Jianshu Chen is a principal researcher at Tencent AI Lab, Bellevue, WA. Before that, he was a researcher at Microsoft Research, Redmond, WA. He completed his PhD in Electrical Engineering at University of California, Los Angeles (UCLA), in 2014. His primary research interest covers different aspects of machine learning, including self-supervised learning, reinforcement learning, neuro-symbolic reasoning, and natural language processing.

Akshat Kumar

Akshat Kumar is an Associate Professor and Lee Kong Chian Fellow at the School of Computing and Information Systems at SMU. His research interests lie at the intersection of Artificial Intelligence (AI) and Machine Learning (ML). His work has received the best dissertation award at ICAPS-14 and from the School of Computer Science, University of Massachusetts Amherst USA, a best application paper award at ICAPS-14, best paper at theAAAI-17 computational sustainability track, best demo paper award at the AAMAS-21 conference.

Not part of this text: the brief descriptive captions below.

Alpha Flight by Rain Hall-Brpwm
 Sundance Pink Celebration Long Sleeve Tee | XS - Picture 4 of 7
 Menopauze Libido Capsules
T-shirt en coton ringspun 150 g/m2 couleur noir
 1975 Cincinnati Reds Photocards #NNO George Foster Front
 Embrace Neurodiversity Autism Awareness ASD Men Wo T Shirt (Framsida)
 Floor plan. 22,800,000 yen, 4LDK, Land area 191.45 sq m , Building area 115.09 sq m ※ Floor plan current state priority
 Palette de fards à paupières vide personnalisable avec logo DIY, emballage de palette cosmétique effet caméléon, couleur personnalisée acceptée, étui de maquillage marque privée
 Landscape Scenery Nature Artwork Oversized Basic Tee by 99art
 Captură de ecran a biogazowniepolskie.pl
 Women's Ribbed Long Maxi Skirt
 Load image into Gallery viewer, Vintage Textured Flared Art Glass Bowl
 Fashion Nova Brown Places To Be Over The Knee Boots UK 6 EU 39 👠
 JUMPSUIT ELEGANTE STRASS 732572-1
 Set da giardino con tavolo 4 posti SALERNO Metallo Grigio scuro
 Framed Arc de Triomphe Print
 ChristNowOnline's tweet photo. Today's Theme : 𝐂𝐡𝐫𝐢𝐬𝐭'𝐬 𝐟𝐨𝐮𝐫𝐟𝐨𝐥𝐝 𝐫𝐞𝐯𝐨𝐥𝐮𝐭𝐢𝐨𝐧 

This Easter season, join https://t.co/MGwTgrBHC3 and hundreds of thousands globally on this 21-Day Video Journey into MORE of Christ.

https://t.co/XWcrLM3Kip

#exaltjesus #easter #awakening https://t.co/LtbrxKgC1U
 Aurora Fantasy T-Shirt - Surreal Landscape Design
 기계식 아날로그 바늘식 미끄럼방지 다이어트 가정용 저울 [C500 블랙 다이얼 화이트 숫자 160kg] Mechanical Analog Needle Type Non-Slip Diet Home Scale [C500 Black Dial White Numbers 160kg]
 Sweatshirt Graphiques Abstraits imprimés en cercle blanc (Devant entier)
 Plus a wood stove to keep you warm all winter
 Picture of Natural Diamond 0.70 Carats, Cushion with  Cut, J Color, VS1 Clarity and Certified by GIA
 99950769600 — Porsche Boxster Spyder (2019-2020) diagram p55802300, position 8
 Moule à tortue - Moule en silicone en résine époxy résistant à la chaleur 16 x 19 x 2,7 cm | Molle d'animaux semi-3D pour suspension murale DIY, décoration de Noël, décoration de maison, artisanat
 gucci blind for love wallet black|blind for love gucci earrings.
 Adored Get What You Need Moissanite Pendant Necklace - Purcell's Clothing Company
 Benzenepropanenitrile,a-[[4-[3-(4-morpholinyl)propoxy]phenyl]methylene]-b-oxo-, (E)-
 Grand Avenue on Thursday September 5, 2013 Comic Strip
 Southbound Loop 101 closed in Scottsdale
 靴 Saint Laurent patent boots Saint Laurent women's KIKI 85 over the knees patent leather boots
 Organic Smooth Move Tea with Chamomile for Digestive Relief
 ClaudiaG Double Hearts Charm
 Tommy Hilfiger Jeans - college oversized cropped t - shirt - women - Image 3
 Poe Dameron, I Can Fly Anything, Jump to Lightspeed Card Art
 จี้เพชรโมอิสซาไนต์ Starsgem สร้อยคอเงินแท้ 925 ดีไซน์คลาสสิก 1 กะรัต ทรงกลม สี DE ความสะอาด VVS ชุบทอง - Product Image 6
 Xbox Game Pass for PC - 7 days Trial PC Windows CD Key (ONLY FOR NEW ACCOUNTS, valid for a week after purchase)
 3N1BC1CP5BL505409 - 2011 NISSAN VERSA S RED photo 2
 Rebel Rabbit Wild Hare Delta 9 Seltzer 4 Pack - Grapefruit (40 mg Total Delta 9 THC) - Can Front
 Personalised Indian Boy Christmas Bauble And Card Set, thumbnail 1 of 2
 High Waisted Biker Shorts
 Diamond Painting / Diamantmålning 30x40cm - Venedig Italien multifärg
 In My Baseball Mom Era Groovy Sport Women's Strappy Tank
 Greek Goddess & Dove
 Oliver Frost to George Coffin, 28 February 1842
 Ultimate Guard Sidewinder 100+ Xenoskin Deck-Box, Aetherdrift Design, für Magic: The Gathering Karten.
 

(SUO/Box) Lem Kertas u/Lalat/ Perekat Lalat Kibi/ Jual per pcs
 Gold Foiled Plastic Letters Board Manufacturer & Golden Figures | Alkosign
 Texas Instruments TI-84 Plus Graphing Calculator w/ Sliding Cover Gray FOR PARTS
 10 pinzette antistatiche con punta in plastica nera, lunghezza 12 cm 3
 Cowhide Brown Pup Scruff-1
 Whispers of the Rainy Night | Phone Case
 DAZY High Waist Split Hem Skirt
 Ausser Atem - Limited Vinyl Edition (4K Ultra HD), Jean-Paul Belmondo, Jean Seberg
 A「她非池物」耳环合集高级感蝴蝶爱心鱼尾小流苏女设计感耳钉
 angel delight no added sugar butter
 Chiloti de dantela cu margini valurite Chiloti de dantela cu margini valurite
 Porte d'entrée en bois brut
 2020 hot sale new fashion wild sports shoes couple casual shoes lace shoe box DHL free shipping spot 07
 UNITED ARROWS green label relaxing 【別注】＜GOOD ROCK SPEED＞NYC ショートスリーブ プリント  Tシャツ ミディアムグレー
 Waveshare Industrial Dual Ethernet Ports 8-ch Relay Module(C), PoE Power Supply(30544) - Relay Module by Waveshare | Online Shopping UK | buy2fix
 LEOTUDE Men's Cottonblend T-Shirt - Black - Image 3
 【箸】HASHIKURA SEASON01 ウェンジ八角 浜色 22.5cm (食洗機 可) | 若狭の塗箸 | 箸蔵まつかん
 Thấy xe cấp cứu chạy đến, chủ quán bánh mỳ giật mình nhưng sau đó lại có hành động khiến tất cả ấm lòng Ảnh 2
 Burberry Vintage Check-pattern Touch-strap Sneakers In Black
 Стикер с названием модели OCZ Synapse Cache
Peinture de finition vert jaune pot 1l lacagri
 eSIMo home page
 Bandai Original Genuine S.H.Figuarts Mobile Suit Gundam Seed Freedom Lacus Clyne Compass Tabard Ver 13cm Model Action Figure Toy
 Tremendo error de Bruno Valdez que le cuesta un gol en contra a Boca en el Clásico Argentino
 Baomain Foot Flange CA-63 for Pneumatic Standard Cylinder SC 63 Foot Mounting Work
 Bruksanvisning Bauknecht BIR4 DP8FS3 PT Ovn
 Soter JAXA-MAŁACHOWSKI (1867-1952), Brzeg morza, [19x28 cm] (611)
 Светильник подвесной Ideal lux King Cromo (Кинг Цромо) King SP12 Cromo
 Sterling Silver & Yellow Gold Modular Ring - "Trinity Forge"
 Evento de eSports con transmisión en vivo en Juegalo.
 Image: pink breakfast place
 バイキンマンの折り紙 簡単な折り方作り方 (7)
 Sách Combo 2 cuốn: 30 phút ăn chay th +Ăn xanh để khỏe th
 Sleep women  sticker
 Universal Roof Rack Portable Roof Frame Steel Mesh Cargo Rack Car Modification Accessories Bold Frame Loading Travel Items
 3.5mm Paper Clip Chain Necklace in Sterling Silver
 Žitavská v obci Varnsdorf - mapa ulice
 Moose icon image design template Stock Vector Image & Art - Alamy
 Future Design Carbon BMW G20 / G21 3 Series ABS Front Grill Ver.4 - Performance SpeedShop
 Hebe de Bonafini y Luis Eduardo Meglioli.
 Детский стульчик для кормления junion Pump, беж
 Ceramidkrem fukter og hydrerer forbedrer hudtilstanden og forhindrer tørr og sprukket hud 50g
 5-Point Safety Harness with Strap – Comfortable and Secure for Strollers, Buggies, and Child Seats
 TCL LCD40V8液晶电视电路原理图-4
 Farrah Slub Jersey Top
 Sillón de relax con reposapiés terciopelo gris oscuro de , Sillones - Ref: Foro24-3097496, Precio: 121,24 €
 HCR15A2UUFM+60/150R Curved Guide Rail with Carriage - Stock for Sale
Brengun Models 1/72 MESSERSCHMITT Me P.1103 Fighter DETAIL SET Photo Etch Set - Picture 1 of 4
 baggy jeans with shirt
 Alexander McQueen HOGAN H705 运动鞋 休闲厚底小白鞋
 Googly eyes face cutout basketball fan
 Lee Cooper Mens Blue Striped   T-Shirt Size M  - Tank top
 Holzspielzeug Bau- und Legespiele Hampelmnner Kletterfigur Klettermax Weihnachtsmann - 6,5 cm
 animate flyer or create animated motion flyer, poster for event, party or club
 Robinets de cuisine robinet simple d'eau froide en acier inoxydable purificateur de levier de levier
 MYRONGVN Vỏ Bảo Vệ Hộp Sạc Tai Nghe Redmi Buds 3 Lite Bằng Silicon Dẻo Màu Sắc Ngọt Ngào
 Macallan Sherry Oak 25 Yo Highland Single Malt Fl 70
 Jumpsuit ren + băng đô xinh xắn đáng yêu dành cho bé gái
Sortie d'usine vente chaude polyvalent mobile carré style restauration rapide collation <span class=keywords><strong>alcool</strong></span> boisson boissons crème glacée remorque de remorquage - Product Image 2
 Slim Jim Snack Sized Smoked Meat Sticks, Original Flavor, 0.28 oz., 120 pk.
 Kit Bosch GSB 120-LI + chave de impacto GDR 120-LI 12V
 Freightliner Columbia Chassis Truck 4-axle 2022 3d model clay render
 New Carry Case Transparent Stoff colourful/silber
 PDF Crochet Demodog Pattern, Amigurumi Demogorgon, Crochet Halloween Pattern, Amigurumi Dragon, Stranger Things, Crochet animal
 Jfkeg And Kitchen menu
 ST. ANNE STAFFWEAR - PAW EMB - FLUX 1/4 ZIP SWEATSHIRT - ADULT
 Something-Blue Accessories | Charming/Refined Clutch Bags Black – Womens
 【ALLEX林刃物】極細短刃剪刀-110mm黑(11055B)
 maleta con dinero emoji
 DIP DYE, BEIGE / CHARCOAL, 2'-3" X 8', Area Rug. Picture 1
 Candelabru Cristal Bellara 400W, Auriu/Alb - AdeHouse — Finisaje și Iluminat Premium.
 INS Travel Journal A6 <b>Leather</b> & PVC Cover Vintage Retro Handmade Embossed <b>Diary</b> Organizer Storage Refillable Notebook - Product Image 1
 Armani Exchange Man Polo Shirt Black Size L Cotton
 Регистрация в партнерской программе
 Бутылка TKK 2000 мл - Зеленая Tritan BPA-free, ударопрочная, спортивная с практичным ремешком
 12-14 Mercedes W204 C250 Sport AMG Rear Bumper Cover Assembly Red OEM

He has also featured in the IEEE Intelligent System’s Magazine’s 2018 AI’s ten to watch. He was the co-chair of the ICAPS-19 doctoral consortium, co-chair of the ICAPS-18 planning and learning track, and part of the AAMAS-16 local organizing committee. He is also one of the conference chairs for ICAPS 2022.

Jiajing Ling

Jiajing Ling is a Ph.D. candidate in Computer Science at Singapore Management University. He is supervised by Prof. Akshat KUMAR. His research fields include reinforcement learning, large-scale multi-agent decision making, urban system optimization, and propositional logic.